O Consed, que representa os dirigentes, ainda criticou a decisão de manter o cronograma do Enem apesar da interrupção de aulas.

O educador Luiz Antonio Tozi foi secretário-executivo do MEC na gestão Ricardo Vélez Rodríguez, que antecedeu Weintraub. Na sua avaliação, o atual ministro encontra dificuldades por causa do seu perfil.

"Weintraub usa pouco da inteligência e do potencial do corpo técnico do MEC", diz. "Centralizou nele a articulação e a doutrinação e, assim, não consegue fazer guerra cultural e assinar papel. Mesmo num ambiente bolsonarista de direita, isso não funciona."

Desde que assumiu, o ministro abriu guerra contra universidades federais. Além de cortar 8% das bolsas de pesquisa em 2019, com impacto maior no Nordeste, Weintraub interveio em março na Capes (agência de financiamento de projetos de pós-graduandos) para alterar regras de concessão de bolsas recém-criadas pelo órgão.

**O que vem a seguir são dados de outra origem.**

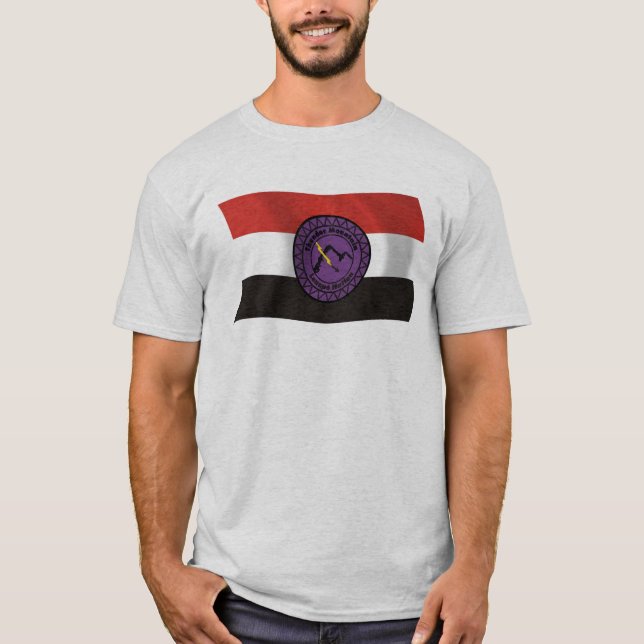 T-shirt Chemise drapeau de la nation Lenape de Thunder Mou (Devant)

Por visão ideológica, exigiu redução no fomento à humanas. As bolsas para a área caíram 17% neste ano.
A nova regra tem causado revolta entre pesquisadores. A Procuradoria federal já pediu à Justiça a revogação do ato.

Com relação à pandemia, a Capes anunciou a oferta 2.600 bolsas para pesquisas na área e também houve reforço orçamentário nos hospitais universitários ligados às federais.

A maioria dos projetos importantes anunciados por Weintraub no MEC patina. A carteirinha estudantil, criada para esvaziar a UNE (União Nacional dos Estudantes), perdeu a validade porque o governo não conseguiu a aprovação no Congresso. O MEC gastou R$ 2,5 milhões só em publicidade com o projeto em 2019.

Anunciado no meio do ano passado, o Future-se, que busca fomentar o financiamento privado nas universidades federais, até agora está no papel nem chegou ao Congresso.

A ideia enfrenta resistência de reitores, mas foi a oposição dentro do Ministério da Economia que o travou.
Como a Folha revelou, Weintraub ainda perdeu R$ 1 bilhão recuperados pela Lava Jato porque não tinha um projeto para educação infantil. Com a pandemia, o dinheiro foi definitivamente para a Saúde.

O discurso de que o Enem 2019 fora o melhor da história caiu por terra após o governo admitir, em janeiro, que milhares de estudantes receberam suas notas erradas.

Desde então Weintraub também se isolou da imprensa e não deu mais entrevistas coletivas.

O MEC lançou, em fevereiro, planos de implementação da nova política de alfabetização. O projeto foi desenhado sem participação das prefeituras, que concentram as matrículas, mas a Folha recebeu relatos de que um terço dos municípios manifestaram interesse na adesão.

"Todas as medidas tomadas por Weintraub ou têm caráter diversionista, focam temas polêmicos ou de pouca efetividade, como as escolas cívico-militares [que atende neste ano 54 escolas], ou não chegam à sua concretude", diz Anna Helena Altenfelder, do Cenpec (Centro de Estudos e Pesquisas em Educação, Cultura e Ação Comunitária). "Falta a ele conhecimento da realidade e do funcionamento do sistema de educacional", diz.